## Activity
Pictures are to be left out; otherwise, copy exactly the lines from the line containing "Jawline (çene dolgusu)" through the end of the data.

** Opening Dataset records block **

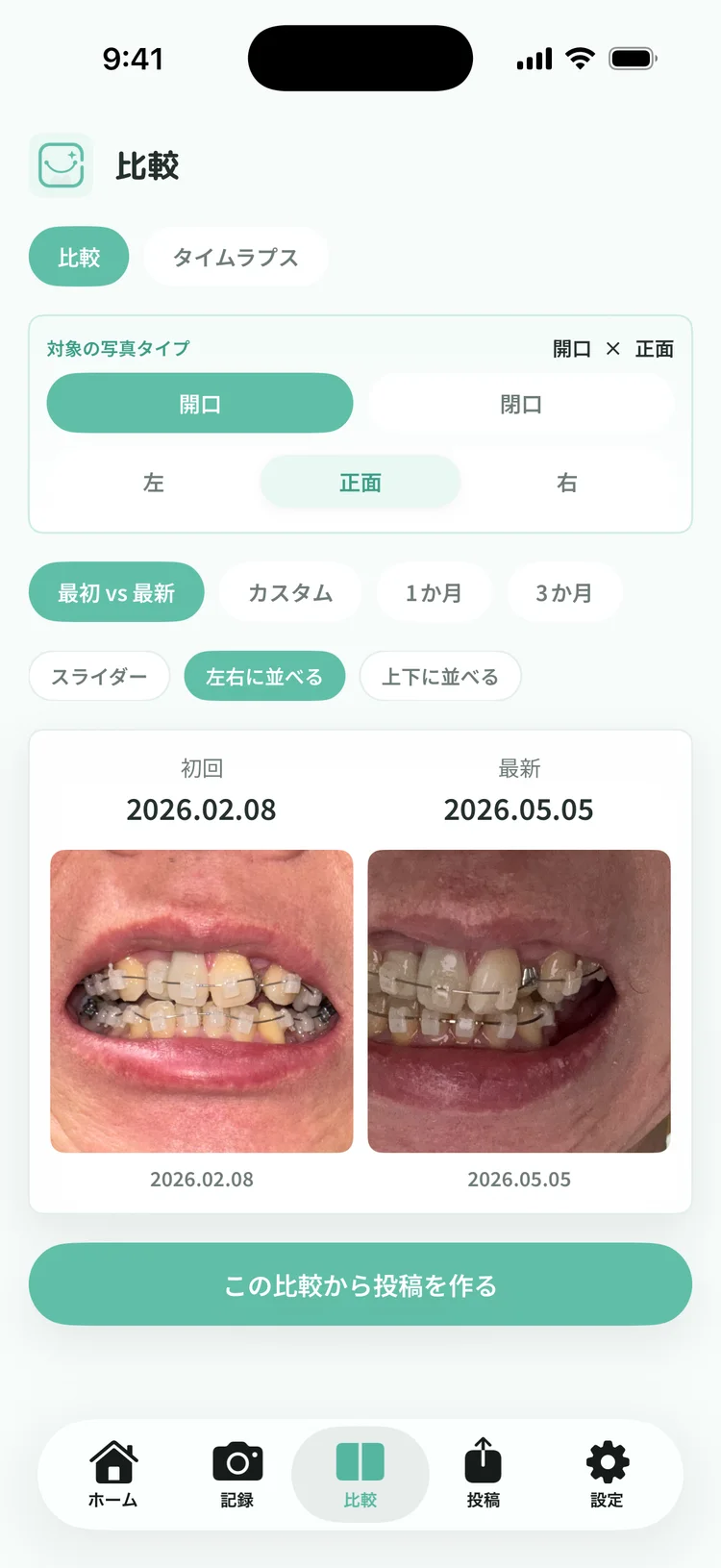 2 枚を左右に並べて見比べている画面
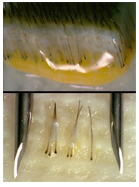 P�rdida De Pelo, 
p�rdida De Cabello, 
Transplante De Cabello, 
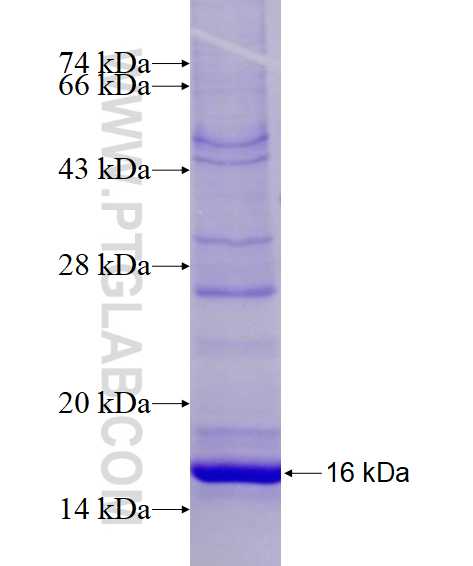 SLC37A4 fusion protein Ag14807 SDS-PAGE SLC37A4 fusion protein Ag14807 SDS-PAGE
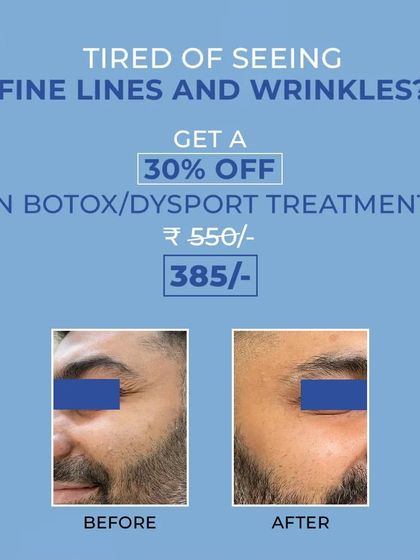 This before and after shows the power of Botox and Dysport in smoothing dynamic wrinkles. By precisely targeting the muscles that cause fine lines, we achieve a significantly smoother and more youthful look around the eyes and forehead.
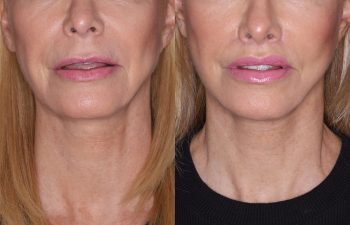 67 year old female 4 months post op from KalosLift (Extended Deep Plane Facelift) with platysmaplasty and perialar lip lift.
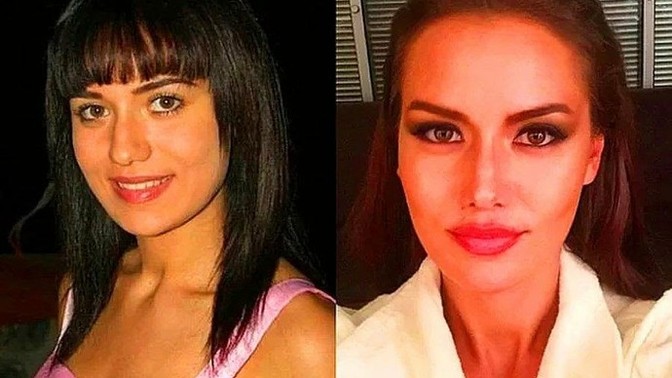 Jawline (çene dolgusu) bir estetik sayılır mı?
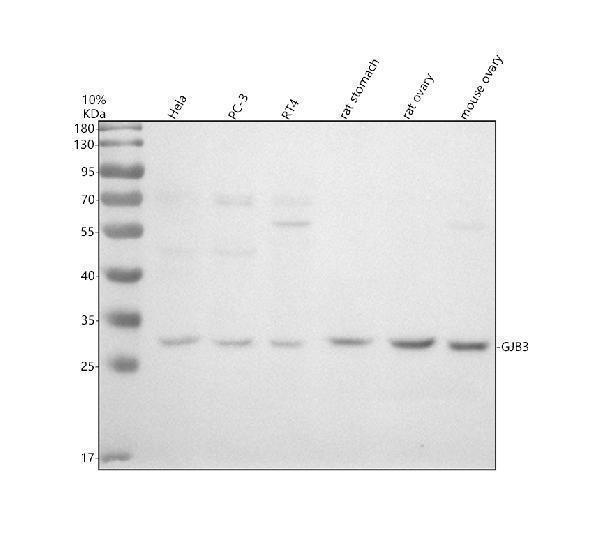 Western blot analysis of GJB3 using anti-GJB3 antibody (A03199-1)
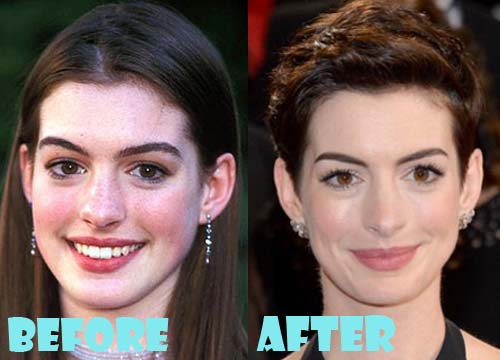 Anne Hathaway Plastic Surgery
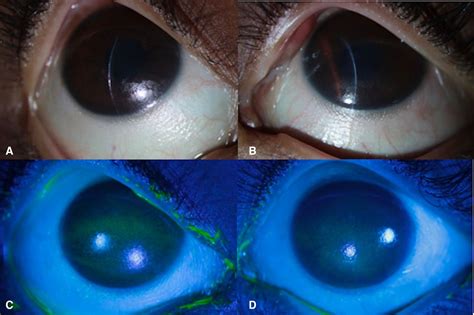 Xerophthalmia Due To Vitamin A Deficiency Following Freys Procedure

** Closing Dataset records block **

## Your solution
 Jawline (çene dolgusu) bir estetik sayılır mı?
 Western blot analysis of GJB3 using anti-GJB3 antibody (A03199-1)
 Anne Hathaway Plastic Surgery
 Xerophthalmia Due To Vitamin A Deficiency Following Freys Procedure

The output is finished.